- _Exercise instructions_: Please tally how many lines of the material below include the word "Black", giving only the number.
========================================
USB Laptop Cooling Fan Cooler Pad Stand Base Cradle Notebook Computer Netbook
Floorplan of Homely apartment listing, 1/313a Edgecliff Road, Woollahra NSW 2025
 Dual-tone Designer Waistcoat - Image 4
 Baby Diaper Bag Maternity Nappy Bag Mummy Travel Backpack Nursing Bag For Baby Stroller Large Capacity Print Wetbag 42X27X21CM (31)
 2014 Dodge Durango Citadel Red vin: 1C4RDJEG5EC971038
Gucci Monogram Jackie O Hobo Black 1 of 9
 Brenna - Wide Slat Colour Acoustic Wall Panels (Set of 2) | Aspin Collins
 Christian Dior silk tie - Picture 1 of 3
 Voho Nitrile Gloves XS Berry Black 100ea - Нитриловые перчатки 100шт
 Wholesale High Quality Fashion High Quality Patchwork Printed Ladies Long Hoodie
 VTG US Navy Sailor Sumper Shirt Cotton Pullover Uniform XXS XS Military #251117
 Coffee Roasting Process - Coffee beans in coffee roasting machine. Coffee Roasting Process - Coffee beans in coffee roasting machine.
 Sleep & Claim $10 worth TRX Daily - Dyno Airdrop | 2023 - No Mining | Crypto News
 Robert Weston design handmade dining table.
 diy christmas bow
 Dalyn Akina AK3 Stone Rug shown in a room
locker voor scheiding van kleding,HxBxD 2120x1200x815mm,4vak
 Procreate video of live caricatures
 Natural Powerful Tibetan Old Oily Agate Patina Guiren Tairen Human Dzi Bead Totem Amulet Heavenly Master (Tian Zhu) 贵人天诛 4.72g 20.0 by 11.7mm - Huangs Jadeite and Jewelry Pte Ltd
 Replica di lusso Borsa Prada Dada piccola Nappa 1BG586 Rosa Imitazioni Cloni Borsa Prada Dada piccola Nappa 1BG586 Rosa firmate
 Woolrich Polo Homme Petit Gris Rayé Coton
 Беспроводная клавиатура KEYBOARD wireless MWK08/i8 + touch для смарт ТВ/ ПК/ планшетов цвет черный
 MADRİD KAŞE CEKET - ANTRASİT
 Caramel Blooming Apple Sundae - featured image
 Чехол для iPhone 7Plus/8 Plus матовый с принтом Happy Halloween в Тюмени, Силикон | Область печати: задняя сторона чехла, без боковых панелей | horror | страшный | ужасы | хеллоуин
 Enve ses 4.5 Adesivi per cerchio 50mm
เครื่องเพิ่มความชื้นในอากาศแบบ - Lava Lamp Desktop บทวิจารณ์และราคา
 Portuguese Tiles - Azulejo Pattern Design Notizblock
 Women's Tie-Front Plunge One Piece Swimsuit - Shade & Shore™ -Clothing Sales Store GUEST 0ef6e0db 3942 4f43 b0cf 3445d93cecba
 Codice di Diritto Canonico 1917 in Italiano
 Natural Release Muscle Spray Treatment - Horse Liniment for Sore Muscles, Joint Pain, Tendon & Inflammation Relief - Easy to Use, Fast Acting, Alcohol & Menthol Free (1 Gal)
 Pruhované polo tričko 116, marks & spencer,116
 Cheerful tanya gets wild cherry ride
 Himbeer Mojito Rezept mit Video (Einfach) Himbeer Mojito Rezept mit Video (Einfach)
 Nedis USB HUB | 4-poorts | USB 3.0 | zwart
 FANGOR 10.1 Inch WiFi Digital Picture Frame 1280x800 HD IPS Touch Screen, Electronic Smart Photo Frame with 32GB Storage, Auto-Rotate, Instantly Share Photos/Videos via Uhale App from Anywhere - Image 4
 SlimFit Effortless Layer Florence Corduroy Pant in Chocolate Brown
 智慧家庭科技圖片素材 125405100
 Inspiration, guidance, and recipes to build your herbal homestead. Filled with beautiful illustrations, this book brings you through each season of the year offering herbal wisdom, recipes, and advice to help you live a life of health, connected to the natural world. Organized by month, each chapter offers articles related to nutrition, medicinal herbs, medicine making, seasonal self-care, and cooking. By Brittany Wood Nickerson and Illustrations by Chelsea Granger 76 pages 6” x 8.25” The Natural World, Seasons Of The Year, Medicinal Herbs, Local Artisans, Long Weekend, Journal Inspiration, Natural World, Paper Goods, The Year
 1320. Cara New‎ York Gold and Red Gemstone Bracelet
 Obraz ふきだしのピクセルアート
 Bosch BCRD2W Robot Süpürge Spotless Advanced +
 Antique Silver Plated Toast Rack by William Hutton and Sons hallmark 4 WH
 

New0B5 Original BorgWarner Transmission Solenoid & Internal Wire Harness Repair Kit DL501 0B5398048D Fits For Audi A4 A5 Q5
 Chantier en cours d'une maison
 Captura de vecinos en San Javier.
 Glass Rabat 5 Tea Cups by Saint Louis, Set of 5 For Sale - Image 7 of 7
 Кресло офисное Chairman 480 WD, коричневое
========================================
- _Answer for this exercise_: 2